What can patients do to give input into clinical trial design? 

Business and profitability remain unquestionably important in the drug discovery community. However, the industry’s overarching goal of public health and the betterment of society have never been more apparent than in the aftermath of the pandemic and when observing the heights scientists reached through determination and collaboration in the fight against Covid-19. If anything, this period has been a reminder that people are the primary reason we do what we do, and the Patient Access, Healthcare & People track at Advanced Therapies Europe 2022 allowed DDW’s Multimedia Editor Megan Thomas to share several reflections on the topic.  

Chaired by Karin Blumer, Director of Global Patient Engagement at Novartis, the first event in this track, called ‘Patient Engagement: Driving Patient Advocacy to Inform Patient Centric Development’, looked into the multi-layered importance of involving patients in the drug development process, particularly in this case for gene therapy. Blumer said: “I think it’s a fascinating time to be talking about patient engagement. We are hopefully nearing the tail-end of a pandemic that made the whole world become participants in that deep learning experience of what clinical development is. I think never before did we have families sit on the couch and talk about Phase I, II and III clinical trials. Never before did we have families around the table asking, ‘Would I volunteer to be in a trial?’ Never before was the whole world a potential patient. I firmly believe that this will change the ecosystem of engaging patients both in the industry but also publicly and regulatorily. The times when patients were silent bystanders to the development are over.” 

Blumer asked: “What can patients do for other patients once they are empowered and know how to really give input into clinical trial design?” By way of answer, each case study presented in this session, from biologics to advanced therapy products, re-affirmed the importance of co-creating with patients across the life science cycle. Katherine Donigan, the Senior Director of Science & Regulatory at Biotechnology Innovation Organisation (BIO), spoke of the strategic approach to international harmonisation of gene therapy products.  

Donigan explained how cell and gene therapies are often indicative for rare or ultra-rare and serious conditions, that it is estimated that between 300 and 400 million people worldwide live with a rare condition, and yet the patient populations for these rare conditions are often very small. As a result, it is critical to achieve adequate enrolment that sufficiently power your trials. 

Anna Dickinson, the Life Sciences Policy Manager for Public Policy Projects (PPP), re-iterated the value of involving and engaging patients.
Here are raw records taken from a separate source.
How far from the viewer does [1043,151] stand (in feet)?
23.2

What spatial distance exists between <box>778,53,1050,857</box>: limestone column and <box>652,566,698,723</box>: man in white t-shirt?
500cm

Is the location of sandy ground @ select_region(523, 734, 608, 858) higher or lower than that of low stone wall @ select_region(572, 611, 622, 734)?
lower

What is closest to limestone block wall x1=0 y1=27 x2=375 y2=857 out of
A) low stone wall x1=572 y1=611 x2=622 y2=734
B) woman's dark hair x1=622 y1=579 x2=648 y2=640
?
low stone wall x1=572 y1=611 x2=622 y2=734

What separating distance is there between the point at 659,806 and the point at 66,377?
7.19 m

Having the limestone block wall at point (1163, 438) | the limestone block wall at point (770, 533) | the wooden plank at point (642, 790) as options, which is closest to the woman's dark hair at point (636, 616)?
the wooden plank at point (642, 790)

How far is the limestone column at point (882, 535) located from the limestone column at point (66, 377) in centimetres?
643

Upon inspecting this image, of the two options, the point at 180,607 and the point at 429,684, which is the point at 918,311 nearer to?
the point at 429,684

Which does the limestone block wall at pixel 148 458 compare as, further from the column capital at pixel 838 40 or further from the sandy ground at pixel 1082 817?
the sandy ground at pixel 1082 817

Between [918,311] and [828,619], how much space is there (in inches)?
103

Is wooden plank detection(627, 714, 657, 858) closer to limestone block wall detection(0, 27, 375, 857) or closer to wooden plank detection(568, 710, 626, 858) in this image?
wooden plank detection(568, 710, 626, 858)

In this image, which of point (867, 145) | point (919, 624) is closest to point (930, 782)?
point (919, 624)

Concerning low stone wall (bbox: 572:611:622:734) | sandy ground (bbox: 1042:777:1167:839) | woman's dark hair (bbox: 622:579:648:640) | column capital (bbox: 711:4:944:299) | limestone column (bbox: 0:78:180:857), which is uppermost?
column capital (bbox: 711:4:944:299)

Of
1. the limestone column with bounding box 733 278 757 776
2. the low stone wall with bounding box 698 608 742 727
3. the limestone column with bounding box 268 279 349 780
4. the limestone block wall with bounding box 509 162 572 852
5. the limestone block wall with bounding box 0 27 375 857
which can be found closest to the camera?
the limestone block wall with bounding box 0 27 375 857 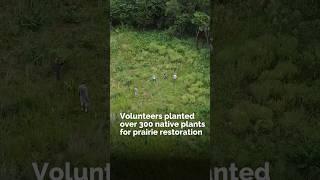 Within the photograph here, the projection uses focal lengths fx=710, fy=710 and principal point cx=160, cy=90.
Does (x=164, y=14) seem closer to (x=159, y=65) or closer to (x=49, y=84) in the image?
(x=159, y=65)

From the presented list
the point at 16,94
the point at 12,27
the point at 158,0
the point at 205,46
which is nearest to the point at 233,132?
the point at 205,46

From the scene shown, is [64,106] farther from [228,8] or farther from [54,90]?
[228,8]

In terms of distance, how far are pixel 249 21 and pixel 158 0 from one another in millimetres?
3277

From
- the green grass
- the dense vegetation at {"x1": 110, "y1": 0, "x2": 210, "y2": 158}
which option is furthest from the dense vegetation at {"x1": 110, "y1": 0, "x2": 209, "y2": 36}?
the green grass

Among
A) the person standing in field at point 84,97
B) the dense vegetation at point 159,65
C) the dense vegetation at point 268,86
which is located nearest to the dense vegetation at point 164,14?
the dense vegetation at point 159,65

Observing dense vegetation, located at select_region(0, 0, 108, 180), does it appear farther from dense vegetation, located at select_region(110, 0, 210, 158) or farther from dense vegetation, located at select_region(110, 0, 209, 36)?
dense vegetation, located at select_region(110, 0, 209, 36)

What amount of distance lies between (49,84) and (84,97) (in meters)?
1.30

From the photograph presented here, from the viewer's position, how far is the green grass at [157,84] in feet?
53.5

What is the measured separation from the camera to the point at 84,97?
18.0 metres

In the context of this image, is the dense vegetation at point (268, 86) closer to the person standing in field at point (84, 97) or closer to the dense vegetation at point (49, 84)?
the dense vegetation at point (49, 84)

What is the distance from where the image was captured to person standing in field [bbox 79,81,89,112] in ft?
58.5

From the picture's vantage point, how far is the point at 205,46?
1808cm

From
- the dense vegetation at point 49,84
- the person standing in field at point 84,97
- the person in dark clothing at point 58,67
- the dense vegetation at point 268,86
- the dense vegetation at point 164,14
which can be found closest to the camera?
the dense vegetation at point 268,86

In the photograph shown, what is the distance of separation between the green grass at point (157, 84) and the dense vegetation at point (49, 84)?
85 cm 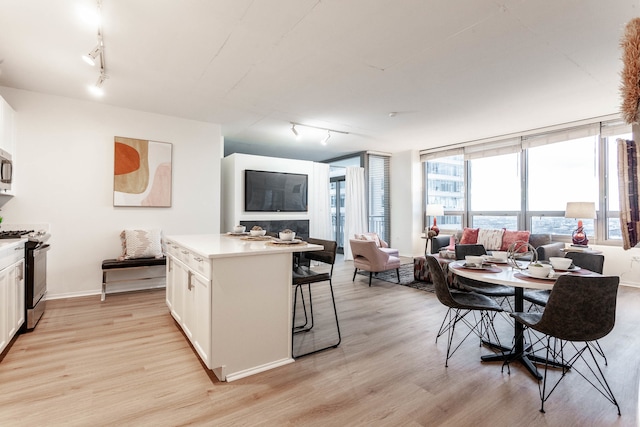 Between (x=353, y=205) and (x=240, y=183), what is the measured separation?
109 inches

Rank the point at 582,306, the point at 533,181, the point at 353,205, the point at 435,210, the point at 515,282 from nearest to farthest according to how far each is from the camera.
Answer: the point at 582,306 < the point at 515,282 < the point at 533,181 < the point at 435,210 < the point at 353,205

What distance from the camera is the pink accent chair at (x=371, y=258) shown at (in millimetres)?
4840

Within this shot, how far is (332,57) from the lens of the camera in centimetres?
307

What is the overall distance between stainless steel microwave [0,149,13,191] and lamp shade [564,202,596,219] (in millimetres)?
7371

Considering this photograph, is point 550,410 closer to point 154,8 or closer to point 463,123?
point 154,8

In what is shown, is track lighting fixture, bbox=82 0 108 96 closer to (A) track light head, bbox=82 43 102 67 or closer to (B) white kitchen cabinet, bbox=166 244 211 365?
(A) track light head, bbox=82 43 102 67

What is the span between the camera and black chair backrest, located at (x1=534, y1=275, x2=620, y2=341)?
1841mm

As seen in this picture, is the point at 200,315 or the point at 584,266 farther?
the point at 584,266

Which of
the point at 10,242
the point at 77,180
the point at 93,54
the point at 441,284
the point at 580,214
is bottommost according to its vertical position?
the point at 441,284

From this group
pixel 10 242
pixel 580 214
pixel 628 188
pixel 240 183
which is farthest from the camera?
pixel 240 183

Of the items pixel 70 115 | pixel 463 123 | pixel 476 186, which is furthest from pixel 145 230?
pixel 476 186

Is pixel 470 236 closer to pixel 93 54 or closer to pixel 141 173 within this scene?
pixel 141 173

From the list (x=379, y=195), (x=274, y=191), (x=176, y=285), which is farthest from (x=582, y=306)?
(x=379, y=195)

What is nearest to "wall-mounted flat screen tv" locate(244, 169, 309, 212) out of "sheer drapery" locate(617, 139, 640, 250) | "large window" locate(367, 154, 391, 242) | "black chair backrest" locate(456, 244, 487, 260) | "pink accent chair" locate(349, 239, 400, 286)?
"pink accent chair" locate(349, 239, 400, 286)
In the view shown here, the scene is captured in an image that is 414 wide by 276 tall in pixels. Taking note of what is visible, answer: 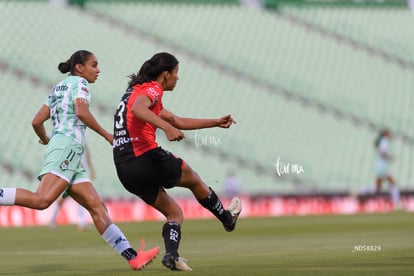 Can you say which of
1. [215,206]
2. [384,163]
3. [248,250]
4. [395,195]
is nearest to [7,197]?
[215,206]

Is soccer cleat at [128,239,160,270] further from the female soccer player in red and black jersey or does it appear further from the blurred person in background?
the blurred person in background

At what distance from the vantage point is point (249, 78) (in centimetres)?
3162

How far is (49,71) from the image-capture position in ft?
95.6

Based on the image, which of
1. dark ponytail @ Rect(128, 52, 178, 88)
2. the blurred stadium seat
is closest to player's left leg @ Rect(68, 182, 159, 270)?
dark ponytail @ Rect(128, 52, 178, 88)

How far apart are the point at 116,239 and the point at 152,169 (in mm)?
866

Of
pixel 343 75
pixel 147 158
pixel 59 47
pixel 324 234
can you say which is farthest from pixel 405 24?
pixel 147 158

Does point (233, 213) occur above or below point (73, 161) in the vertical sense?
below

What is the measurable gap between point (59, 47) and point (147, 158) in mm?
22237

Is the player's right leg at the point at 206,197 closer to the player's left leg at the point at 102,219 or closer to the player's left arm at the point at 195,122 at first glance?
the player's left arm at the point at 195,122

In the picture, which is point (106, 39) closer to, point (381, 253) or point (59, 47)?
point (59, 47)

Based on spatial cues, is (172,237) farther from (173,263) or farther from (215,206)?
(215,206)

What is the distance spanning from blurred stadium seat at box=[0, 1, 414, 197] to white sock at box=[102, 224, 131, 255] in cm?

PPP are an independent policy think-tank, offering practical policy analysis as well as government process analysis and development across a range of industries, including health care. Dickinson explained that it is essential for all voices to be heard in order to influence R&D processes and regulations.  

Simon Chandler, CEO of Rinri Therapeutics, made a case for the value of early patient engagement to build credibility and support for the clinical development of a first-in-class cell therapy for hearing loss. Chandler contextualises why the development of this therapy cannot progress without early patient engagement: “We are the only cell therapy that has ever been developed for hearing loss. There is no precedent, no reference points for a proof-of-concept for a cell-based therapy in hearing loss, and we don’t really understand what the patient appetite for ATMPs is.” 

Before the speakers joined on stage for a panel discussion and Q&A session, Blumer presented a case study on patient engagement and CAR-T, making the analogy of building a plane whilst flying it. To move forward in this industry and continue to develop life-changing therapeutics and healthcare solutions, the patient cannot be separated from the science. When the end-goal is people-centric, why would this not be the case for the development process?